Within the records below, find the line with "All the digits" and the line with "As you can see, you", then reproduce exactly those two lines and all lines between them, without any picture.

RECORDS PROVIDED:
# # #
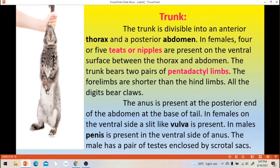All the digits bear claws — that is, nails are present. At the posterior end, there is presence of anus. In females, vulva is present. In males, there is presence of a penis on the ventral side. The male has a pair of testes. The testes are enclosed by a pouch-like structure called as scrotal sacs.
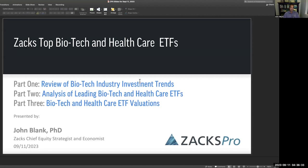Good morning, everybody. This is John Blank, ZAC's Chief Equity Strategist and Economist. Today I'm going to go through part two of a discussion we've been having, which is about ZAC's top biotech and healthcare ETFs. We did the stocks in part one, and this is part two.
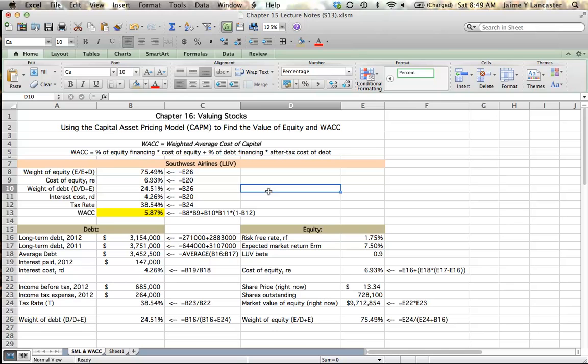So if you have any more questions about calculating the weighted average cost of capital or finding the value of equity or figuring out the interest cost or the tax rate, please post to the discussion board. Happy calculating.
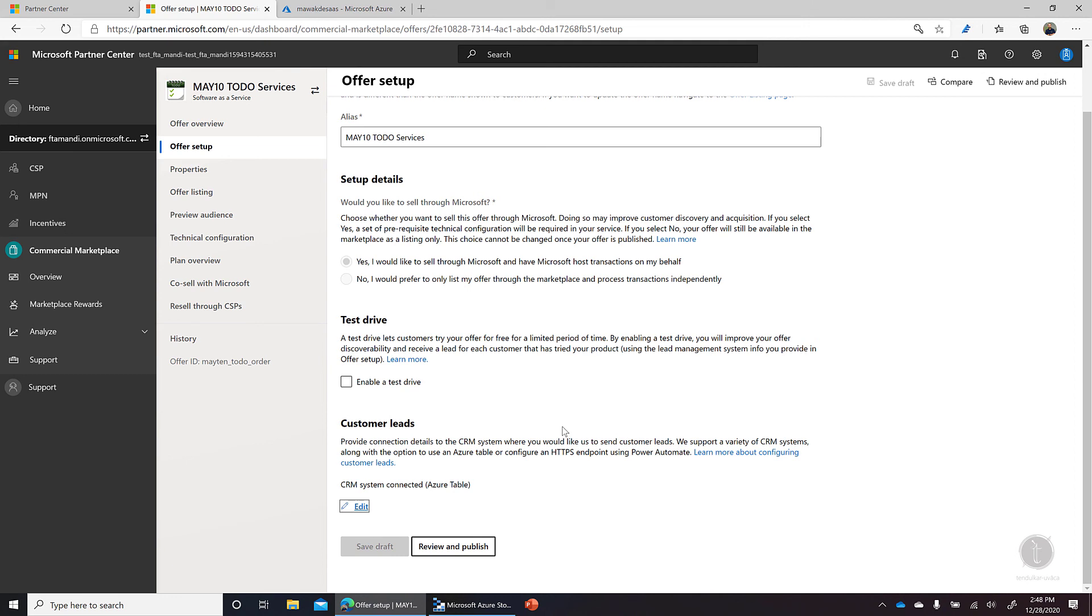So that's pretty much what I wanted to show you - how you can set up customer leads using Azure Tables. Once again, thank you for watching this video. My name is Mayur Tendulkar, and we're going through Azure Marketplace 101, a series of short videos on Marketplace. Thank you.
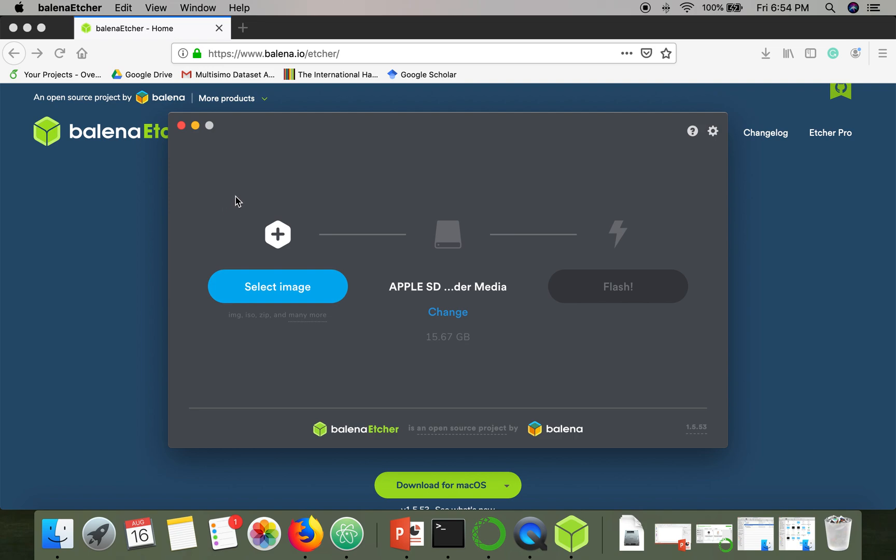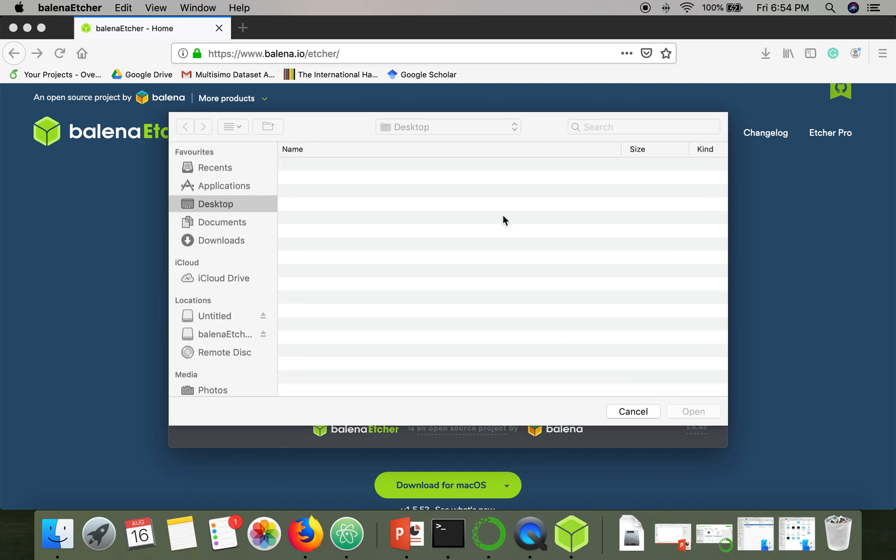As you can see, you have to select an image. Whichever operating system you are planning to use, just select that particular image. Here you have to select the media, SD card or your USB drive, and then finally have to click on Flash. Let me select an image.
# # #
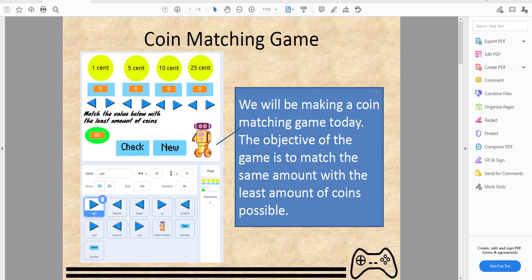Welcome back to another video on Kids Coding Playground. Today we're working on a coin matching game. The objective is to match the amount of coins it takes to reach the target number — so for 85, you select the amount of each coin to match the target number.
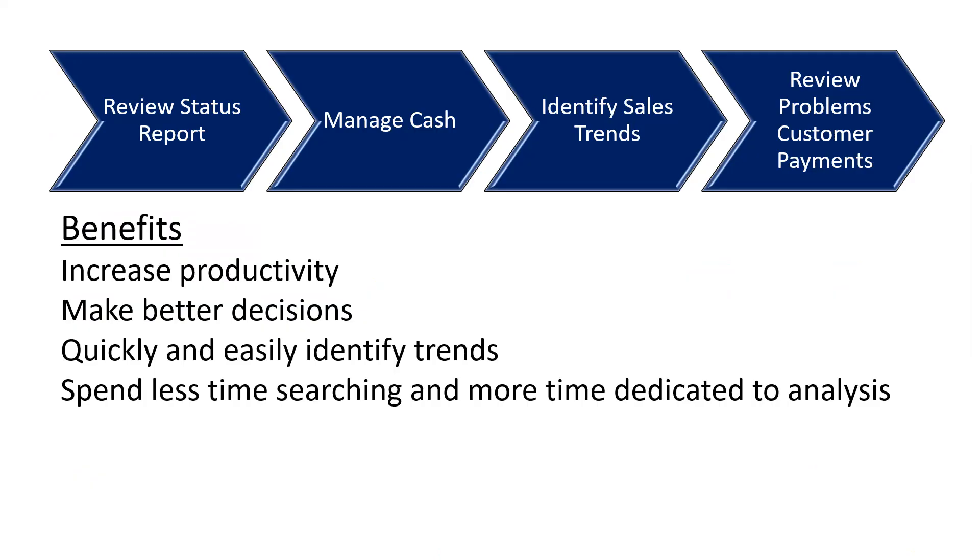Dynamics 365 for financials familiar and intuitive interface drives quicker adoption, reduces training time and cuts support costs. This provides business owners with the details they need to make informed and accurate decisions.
# # #
REPLY:
All the digits bear claws — that is, nails are present. At the posterior end, there is presence of anus. In females, vulva is present. In males, there is presence of a penis on the ventral side. The male has a pair of testes. The testes are enclosed by a pouch-like structure called as scrotal sacs.
Good morning, everybody. This is John Blank, ZAC's Chief Equity Strategist and Economist. Today I'm going to go through part two of a discussion we've been having, which is about ZAC's top biotech and healthcare ETFs. We did the stocks in part one, and this is part two.
So if you have any more questions about calculating the weighted average cost of capital or finding the value of equity or figuring out the interest cost or the tax rate, please post to the discussion board. Happy calculating.
So that's pretty much what I wanted to show you - how you can set up customer leads using Azure Tables. Once again, thank you for watching this video. My name is Mayur Tendulkar, and we're going through Azure Marketplace 101, a series of short videos on Marketplace. Thank you.
As you can see, you have to select an image. Whichever operating system you are planning to use, just select that particular image. Here you have to select the media, SD card or your USB drive, and then finally have to click on Flash. Let me select an image.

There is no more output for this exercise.